Dataset records =
* * *

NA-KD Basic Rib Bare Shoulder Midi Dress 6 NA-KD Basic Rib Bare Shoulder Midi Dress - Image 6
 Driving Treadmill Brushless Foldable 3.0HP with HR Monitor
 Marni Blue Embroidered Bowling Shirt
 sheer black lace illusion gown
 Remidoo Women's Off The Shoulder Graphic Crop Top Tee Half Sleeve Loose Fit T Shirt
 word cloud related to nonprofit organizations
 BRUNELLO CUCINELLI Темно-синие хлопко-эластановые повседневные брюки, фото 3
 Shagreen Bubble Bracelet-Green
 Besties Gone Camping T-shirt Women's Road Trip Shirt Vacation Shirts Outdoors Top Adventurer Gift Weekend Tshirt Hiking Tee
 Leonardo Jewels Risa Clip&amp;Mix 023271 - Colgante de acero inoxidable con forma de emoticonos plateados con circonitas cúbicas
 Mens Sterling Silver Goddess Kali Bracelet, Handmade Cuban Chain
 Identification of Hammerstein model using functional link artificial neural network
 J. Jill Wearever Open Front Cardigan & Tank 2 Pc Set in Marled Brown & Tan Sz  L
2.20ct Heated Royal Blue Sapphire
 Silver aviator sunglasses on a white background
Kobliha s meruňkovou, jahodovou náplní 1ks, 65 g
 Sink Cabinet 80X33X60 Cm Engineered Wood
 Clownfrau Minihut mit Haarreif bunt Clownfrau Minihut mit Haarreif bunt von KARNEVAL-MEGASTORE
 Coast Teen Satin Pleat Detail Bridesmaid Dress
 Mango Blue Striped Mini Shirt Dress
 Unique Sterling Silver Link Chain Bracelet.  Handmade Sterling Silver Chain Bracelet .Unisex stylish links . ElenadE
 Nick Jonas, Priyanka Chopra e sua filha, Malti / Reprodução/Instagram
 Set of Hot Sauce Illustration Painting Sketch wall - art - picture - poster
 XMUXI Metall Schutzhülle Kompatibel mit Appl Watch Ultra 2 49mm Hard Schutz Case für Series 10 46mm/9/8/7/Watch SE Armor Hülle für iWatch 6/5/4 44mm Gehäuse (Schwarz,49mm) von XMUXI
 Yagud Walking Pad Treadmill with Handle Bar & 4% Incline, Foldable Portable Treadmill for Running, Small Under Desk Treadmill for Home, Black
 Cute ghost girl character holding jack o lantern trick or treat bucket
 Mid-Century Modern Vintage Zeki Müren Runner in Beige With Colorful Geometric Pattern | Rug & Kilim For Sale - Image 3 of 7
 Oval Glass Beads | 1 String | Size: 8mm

* * *

Your instructions = In the listing above, find the line holding "J. Jill Wearever" and the line holding "Set of Hot Sauce", then output those two lines and every line between them exactly.

Solution to the exercise =
 J. Jill Wearever Open Front Cardigan & Tank 2 Pc Set in Marled Brown & Tan Sz  L
2.20ct Heated Royal Blue Sapphire
 Silver aviator sunglasses on a white background
Kobliha s meruňkovou, jahodovou náplní 1ks, 65 g
 Sink Cabinet 80X33X60 Cm Engineered Wood
 Clownfrau Minihut mit Haarreif bunt Clownfrau Minihut mit Haarreif bunt von KARNEVAL-MEGASTORE
 Coast Teen Satin Pleat Detail Bridesmaid Dress
 Mango Blue Striped Mini Shirt Dress
 Unique Sterling Silver Link Chain Bracelet.  Handmade Sterling Silver Chain Bracelet .Unisex stylish links . ElenadE
 Nick Jonas, Priyanka Chopra e sua filha, Malti / Reprodução/Instagram
 Set of Hot Sauce Illustration Painting Sketch wall - art - picture - poster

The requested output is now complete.